AMENDATORY SECTION(Amending WSR 02-14-162, filed 7/3/02, effective 8/3/02)

WAC 388-550-2596   Services and equipment covered by MAA but not included in the LTAC fixed per diem rate.   (1) MAA uses the ratio of costs-to-charges (RCC) payment method to reimburse an LTAC facility for the following that are not included in the LTAC fixed per diem rate:

     (a) ((Prescription drugs;

     (b) Total parenteral nutrition (TPN) therapy;

     (c) Epogen/neupogen therapy;

     (d))) Pharmacy - After the first two hundred dollars per day in total allowed charges for any combination of pharmacy services that includes prescription drugs, total parenteral nutrition (TPN) therapy, IV infusion therapy, and/or epogen/neupogen therapy;

     (b) Radiology services;

     (((e))) (c) Nuclear medicine services;

     (((f))) (d) Computerized tomographic (CT) scan;

     (((g))) (e) Operating room services;

     (((h))) (f) Anesthesia services;

     (((i))) (g) Blood storage and processing;

     (((j))) (h) Blood administration;

     (((k))) (i) Other imaging services - Ultrasound;

     (((l))) (j) Pulmonary function services;

     (((m))) (k) Cardiology services;

     (((n))) (l) Recovery room services;

     (((o))) (m) EKG/ECG services;

     (((p))) (n) Gastro-intestinal services;

     (((q))) (o) Inpatient hemodialysis; and

     (((r))) (p) Peripheral vascular laboratory services.

     (2) MAA uses the appropriate inpatient or outpatient payment method described in other published WAC to reimburse providers other than LTAC facilities for services and equipment that are covered by MAA but not included in the LTAC fixed per diem rate. The provider must bill MAA directly and MAA reimburses the provider directly.

     (3) Transportation services that are related to transporting a client to and from another facility for the provision of outpatient medical services while the client is still an inpatient at the LTAC facility, or related to transporting a client to another facility after discharge from the LTAC facility:

     (a) Are not covered or reimbursed through the LTAC fixed per diem rate;

     (b) Are not reimbursable directly to the LTAC facility;

     (c) Are subject to the provisions in chapter 388-546 WAC; and

     (d) Must be billed directly to the:

     (i) Department by the transportation company to be reimbursed if the client required ambulance transportation; or

     (ii) Department's contracted transportation broker, subject to the prior authorization requirements and provisions described in chapter 388-546 WAC, if the client:

     (A) Required nonemergent transportation; or

     (B) Did not have a medical condition that required transportation in a prone or supine position.

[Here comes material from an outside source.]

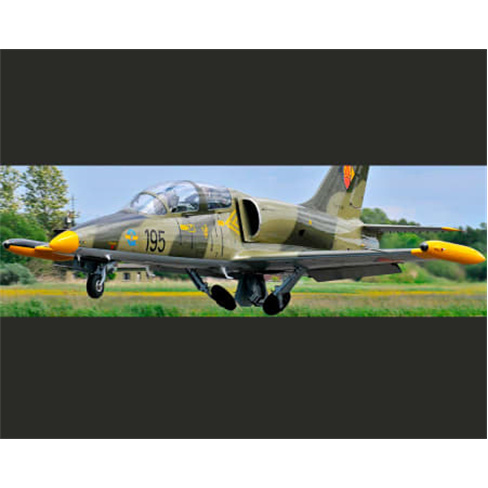 Voo Acrobático VIP: L-39 Albatros na República ChecanTotal de caracteres: 56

     (4) MAA evaluates requests for covered transportation services that are subject to limitations or other restrictions, and approves such services beyond those limitations or restrictions when medically necessary, under the standards of WAC 388-501-0165.

[Statutory Authority: RCW 74.08.090. 02-14-162, § 388-550-2596, filed 7/3/02, effective 8/3/02.]